== Segment start ==
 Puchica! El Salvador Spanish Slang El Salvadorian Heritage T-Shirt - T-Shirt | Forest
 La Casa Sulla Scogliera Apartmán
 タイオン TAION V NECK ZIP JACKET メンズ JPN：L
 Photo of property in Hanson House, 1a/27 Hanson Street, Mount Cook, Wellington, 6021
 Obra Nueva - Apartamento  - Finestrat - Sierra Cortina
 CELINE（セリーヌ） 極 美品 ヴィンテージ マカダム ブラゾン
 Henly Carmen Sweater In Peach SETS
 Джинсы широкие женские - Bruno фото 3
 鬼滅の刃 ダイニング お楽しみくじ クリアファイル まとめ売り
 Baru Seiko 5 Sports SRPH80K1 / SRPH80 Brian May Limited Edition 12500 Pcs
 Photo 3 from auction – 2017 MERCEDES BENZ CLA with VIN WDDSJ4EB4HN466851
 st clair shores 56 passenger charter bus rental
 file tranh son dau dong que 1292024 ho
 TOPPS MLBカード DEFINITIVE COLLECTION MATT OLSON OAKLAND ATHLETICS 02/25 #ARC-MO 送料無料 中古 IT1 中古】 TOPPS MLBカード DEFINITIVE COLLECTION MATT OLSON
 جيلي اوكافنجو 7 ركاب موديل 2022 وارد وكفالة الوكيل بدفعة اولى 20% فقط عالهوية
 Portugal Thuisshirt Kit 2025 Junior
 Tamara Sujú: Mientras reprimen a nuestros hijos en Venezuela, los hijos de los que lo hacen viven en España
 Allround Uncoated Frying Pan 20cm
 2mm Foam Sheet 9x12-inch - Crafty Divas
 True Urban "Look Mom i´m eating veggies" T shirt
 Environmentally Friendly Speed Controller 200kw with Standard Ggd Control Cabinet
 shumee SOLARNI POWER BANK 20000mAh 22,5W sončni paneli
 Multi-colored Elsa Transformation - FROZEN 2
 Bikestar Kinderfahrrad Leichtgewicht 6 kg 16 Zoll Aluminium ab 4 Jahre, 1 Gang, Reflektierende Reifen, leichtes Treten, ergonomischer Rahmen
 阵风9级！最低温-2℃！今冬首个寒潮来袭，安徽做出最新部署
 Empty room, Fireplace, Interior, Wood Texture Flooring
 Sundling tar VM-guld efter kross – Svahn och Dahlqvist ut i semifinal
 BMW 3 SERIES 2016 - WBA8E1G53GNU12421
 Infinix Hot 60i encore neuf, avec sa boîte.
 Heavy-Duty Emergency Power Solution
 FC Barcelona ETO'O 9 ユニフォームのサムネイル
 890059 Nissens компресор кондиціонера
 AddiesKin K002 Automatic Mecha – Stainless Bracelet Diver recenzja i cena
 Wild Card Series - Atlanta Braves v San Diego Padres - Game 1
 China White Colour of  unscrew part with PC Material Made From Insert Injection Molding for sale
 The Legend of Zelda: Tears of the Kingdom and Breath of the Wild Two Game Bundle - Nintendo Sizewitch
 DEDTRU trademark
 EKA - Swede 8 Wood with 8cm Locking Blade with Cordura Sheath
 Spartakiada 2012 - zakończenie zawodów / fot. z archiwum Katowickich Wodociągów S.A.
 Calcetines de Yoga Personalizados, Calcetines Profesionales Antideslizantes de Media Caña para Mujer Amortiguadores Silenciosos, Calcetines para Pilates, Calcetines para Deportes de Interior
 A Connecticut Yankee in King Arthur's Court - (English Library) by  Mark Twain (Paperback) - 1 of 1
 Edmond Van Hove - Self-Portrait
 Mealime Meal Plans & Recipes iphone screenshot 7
== Segment end ==
WHAT YOU NEED TO DO: Return the lines above, starting at the one that contains "BMW 3 SERIES 2016 - WBA8E1G53GNU12421" and running through the last, exactly as they appear, with no extra lines.

ANSWER TO THIS PROBLEM:
 BMW 3 SERIES 2016 - WBA8E1G53GNU12421
 Infinix Hot 60i encore neuf, avec sa boîte.
 Heavy-Duty Emergency Power Solution
 FC Barcelona ETO'O 9 ユニフォームのサムネイル
 890059 Nissens компресор кондиціонера
 AddiesKin K002 Automatic Mecha – Stainless Bracelet Diver recenzja i cena
 Wild Card Series - Atlanta Braves v San Diego Padres - Game 1
 China White Colour of  unscrew part with PC Material Made From Insert Injection Molding for sale
 The Legend of Zelda: Tears of the Kingdom and Breath of the Wild Two Game Bundle - Nintendo Sizewitch
 DEDTRU trademark
 EKA - Swede 8 Wood with 8cm Locking Blade with Cordura Sheath
 Spartakiada 2012 - zakończenie zawodów / fot. z archiwum Katowickich Wodociągów S.A.
 Calcetines de Yoga Personalizados, Calcetines Profesionales Antideslizantes de Media Caña para Mujer Amortiguadores Silenciosos, Calcetines para Pilates, Calcetines para Deportes de Interior
 A Connecticut Yankee in King Arthur's Court - (English Library) by  Mark Twain (Paperback) - 1 of 1
 Edmond Van Hove - Self-Portrait
 Mealime Meal Plans & Recipes iphone screenshot 7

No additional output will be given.